EXERCISE DESCRIPTION - Below is a listing; restate from it, character for character, the lines beginning at the line holding "Finally, the treatment" and ending at the line holding "Very occasionally that", both included.

MATERIAL FOR THE TASK -
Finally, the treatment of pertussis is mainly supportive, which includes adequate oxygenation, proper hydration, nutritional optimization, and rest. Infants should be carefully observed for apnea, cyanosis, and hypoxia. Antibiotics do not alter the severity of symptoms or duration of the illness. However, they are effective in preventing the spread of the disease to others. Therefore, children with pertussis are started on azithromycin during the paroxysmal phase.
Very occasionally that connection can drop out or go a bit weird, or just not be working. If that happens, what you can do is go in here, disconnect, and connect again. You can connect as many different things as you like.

---

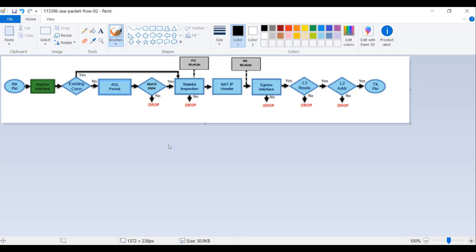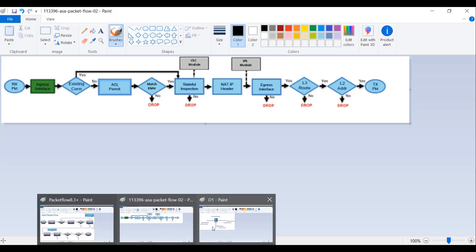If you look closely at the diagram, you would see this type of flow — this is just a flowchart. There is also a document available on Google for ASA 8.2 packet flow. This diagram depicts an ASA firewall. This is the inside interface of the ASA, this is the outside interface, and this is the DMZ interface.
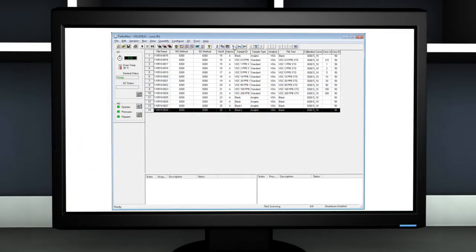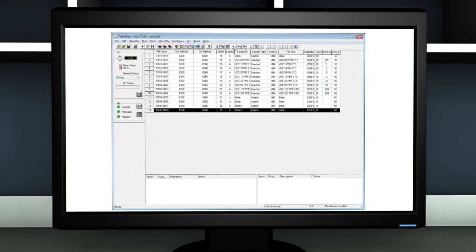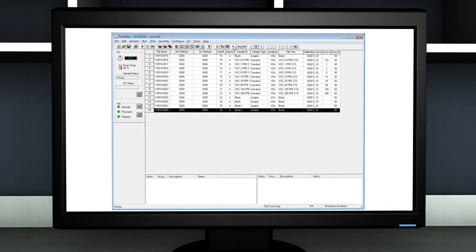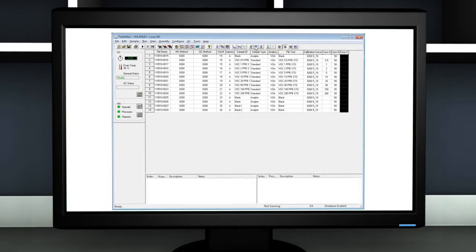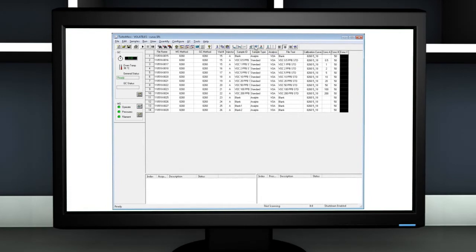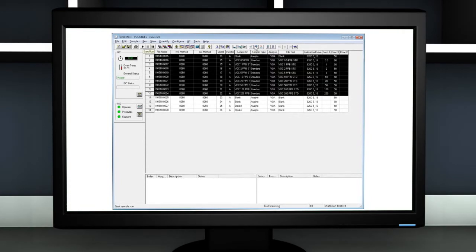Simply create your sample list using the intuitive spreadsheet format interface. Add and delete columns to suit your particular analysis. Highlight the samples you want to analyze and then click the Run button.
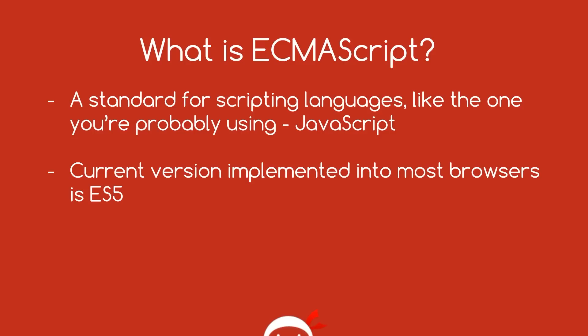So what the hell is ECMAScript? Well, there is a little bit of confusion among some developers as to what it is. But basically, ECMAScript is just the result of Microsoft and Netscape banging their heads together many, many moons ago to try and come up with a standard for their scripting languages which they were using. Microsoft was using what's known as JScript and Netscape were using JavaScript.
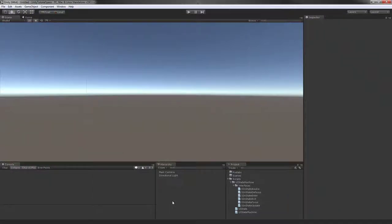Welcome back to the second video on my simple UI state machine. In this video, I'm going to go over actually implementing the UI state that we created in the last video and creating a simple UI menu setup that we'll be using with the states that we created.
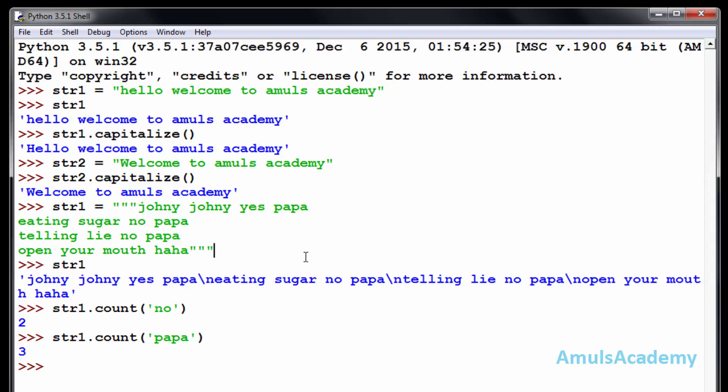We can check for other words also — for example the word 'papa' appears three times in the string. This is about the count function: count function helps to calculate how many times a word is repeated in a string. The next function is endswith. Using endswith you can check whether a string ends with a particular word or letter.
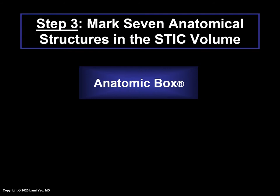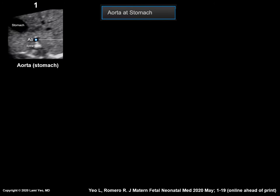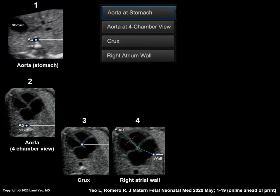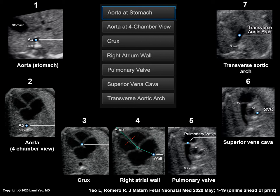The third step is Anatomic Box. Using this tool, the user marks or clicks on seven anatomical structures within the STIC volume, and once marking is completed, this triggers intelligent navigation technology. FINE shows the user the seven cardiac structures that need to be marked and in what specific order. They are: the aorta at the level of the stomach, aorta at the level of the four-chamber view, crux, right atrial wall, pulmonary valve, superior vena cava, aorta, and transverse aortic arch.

RESULT BELOW -
Finally, the treatment of pertussis is mainly supportive, which includes adequate oxygenation, proper hydration, nutritional optimization, and rest. Infants should be carefully observed for apnea, cyanosis, and hypoxia. Antibiotics do not alter the severity of symptoms or duration of the illness. However, they are effective in preventing the spread of the disease to others. Therefore, children with pertussis are started on azithromycin during the paroxysmal phase.
Very occasionally that connection can drop out or go a bit weird, or just not be working. If that happens, what you can do is go in here, disconnect, and connect again. You can connect as many different things as you like.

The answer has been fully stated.